By eliminating the 1.3, it should relink to 1.2. As long as 1.x is still released or whatever your final state might be, the iteration is just showing the individual steps everytime it was modified for even the most minimal change. The "1" is the official release and the .x are the baby steps/modifications made to get it to the final state. Once it is released, the baby steps are insignificant. Once an item is released and you find the file is bad or another minor attribute issue, you must iterate to correct and you don't want the previous iteration left in the system, you should be able to delete.
Some of the cases we are running into are parts in the system that are incorrect and need to get out of the database. Once I correct the part it iterates and unless you delete the iteration that had the "bad" part you can not delete out of the database.
yes, you can delete the iteration but only if a new revision has not been created. I am asking for the ability to delete a previous iteration to a previous revision.
I would agree that is the normal but there are times when you need to do it. Unfortunately, we do not have the PURGE function in our area, however, we have a requirement for that capability.
In some of our cases, the latest iteration is incorrect so when you correct it, it makes a new iteration but again, it wont let you delete the earlier iteration when a new REVISION is already in place and that is where my concern is.
In Windchill today you have two options, delete and purge.
Delete
Moves from the most recent version backwards.
Cannot skip versions. Must delete the latest.
Can completely eliminate entire revisions.
Purge
Moves from the oldest iteration (of each revision) forward.
Cannot delete the latest iteration at each revision. (One will always be left)
Cannot delete an entire revision. (All revisions will remain.)
I have no idea if either one actually does any re-linking. I seriously doubt it. Rather, when some other part of Windchill is looking for a particular iteration, if that iteration is no longer available it will simply revert to the latest available.

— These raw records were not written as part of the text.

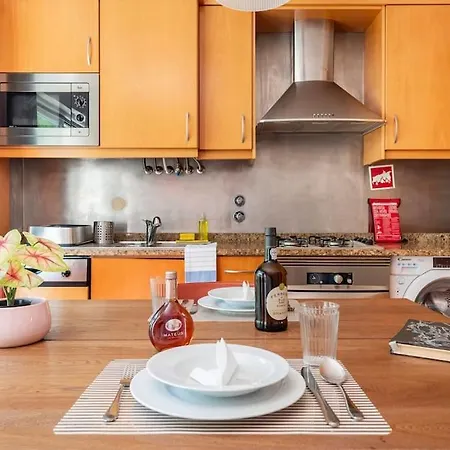 Patio - 57655al Lisboa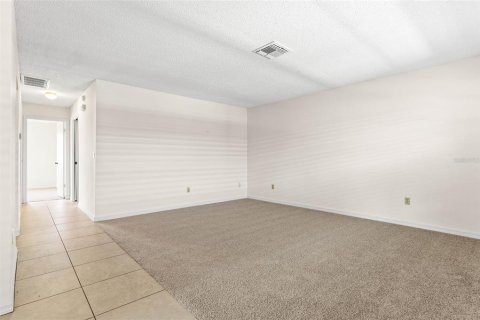 Condo in Sun City Center, Florida, 2 bedrooms  № 1377713 - photo 3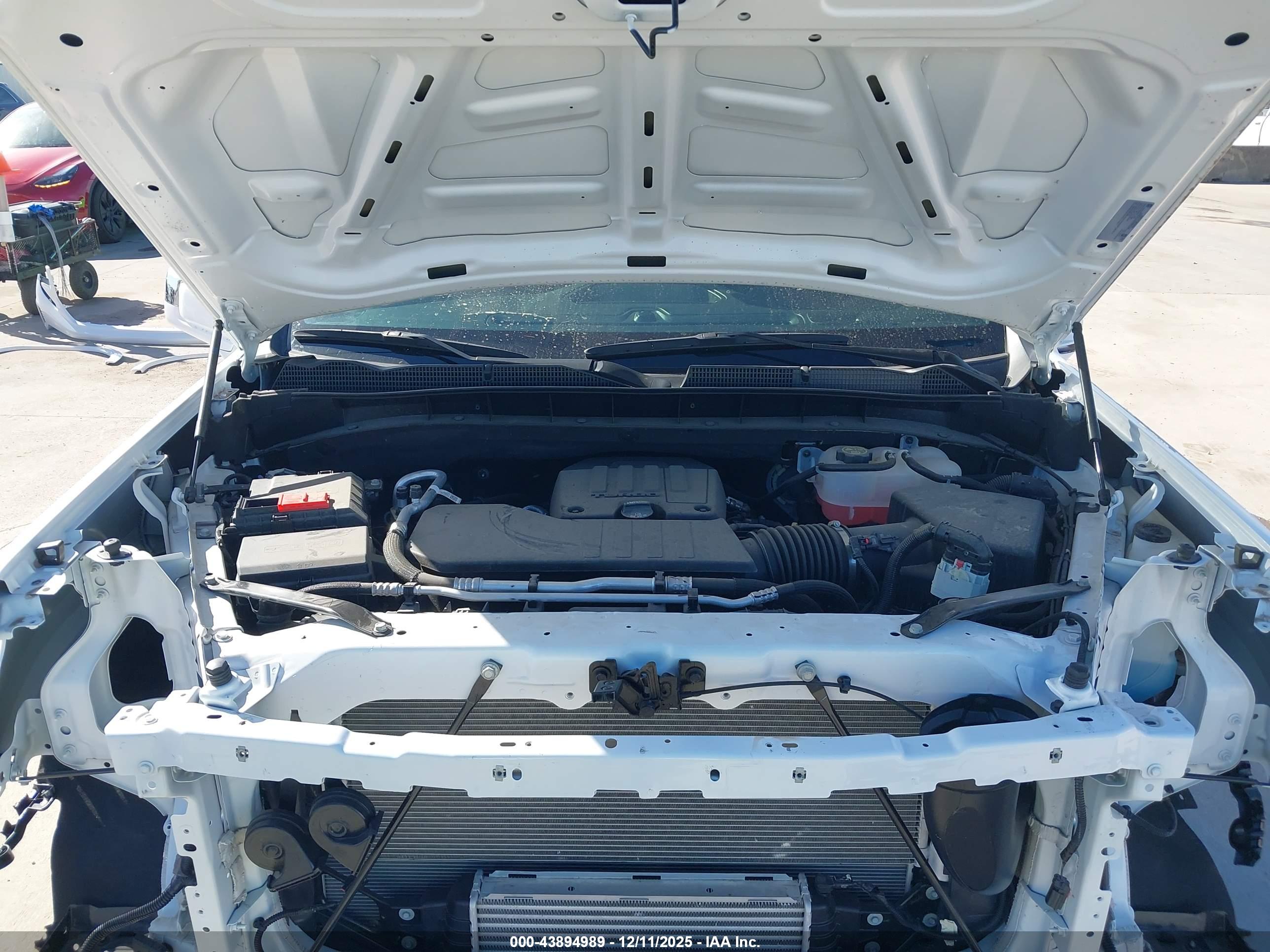 GMC SIERRA image 10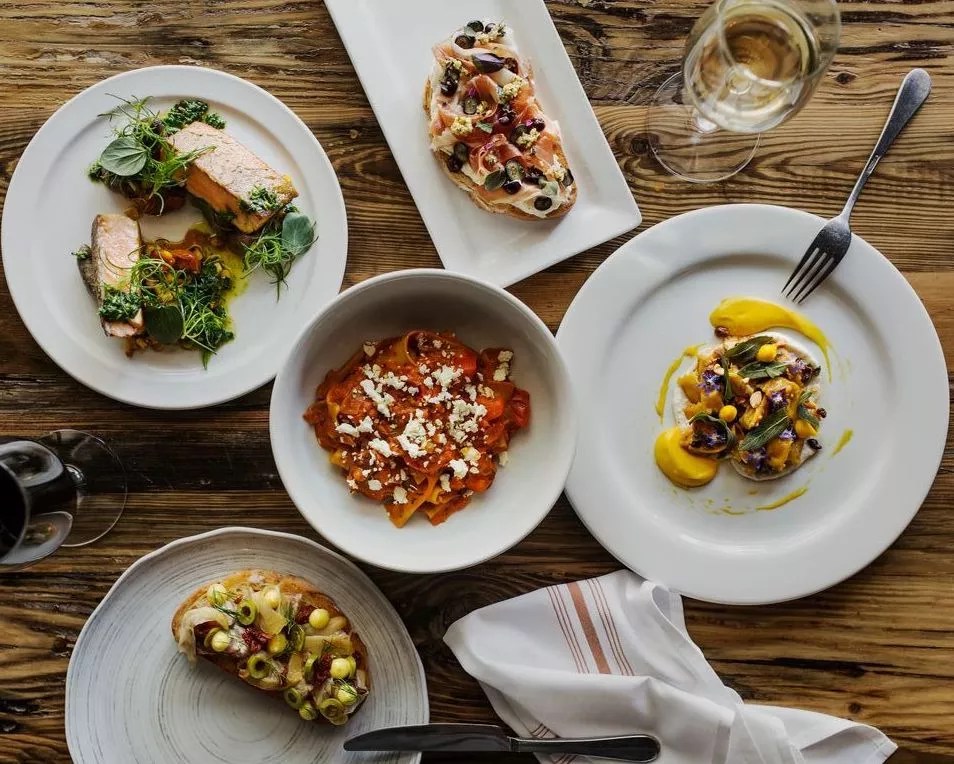 14 Restaurants Opened in September; Landmark Chop Suey House Among Closings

If there's something wrong, that's what the revise is for.
However, even if a company doesn't subscribe to 'any revision is a revision' -- which is a huge mistake IMO -- simply set the old 1.x to a life cycle state that nobody (except admins) can see. That effectively "deletes" it as in it is no longer available for anything. This gets around a host of issues like the 'Referential Integrity Violation has occurred. Unable to delete file' error or the linking being discussed.
The purge utility does not work if there are build rules for EPMDocument to WTPart associations, even if you tell it to purge both the WTPart and the linked EPMDocuments. You can delete them both using the collector, but only from the latest version back which is not usually desirable.

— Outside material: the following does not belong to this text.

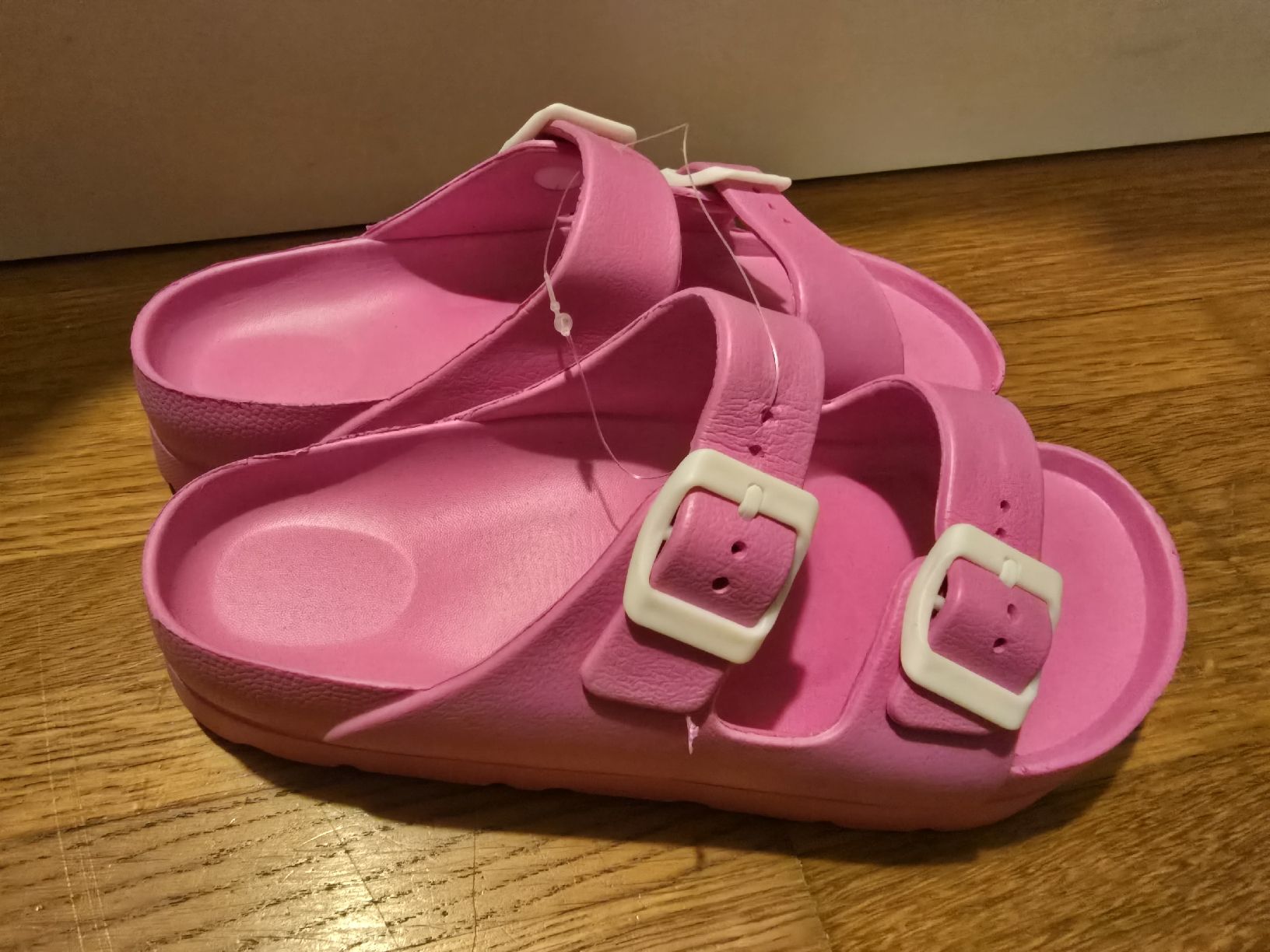 Scarpe per ragazze: NEUE pinke Badeschuhe, Gr. 37 – Nuovo e nell'imballaggio originale da Lommiswil venduto da PositiveVibe 1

Our most common use case for needing to remove an old iteration of something is to be able to delete an unwanted object that has a relationship to only that specific (and not technically required) iteration. The all too familiar “Referential Integrity Violation” prevents this with current technology and you are stuck with the unwanted linked object.
I thought PDM already had this functionality. If you go into the Delete function on something you see All Iterations Of This Rev, All Revisions, Latest Iteration as the options.
If you're talking about deleting a specific older iteration of a file with newer iterations available...isn't that a design record that by many industry standards you are never supposed to delete?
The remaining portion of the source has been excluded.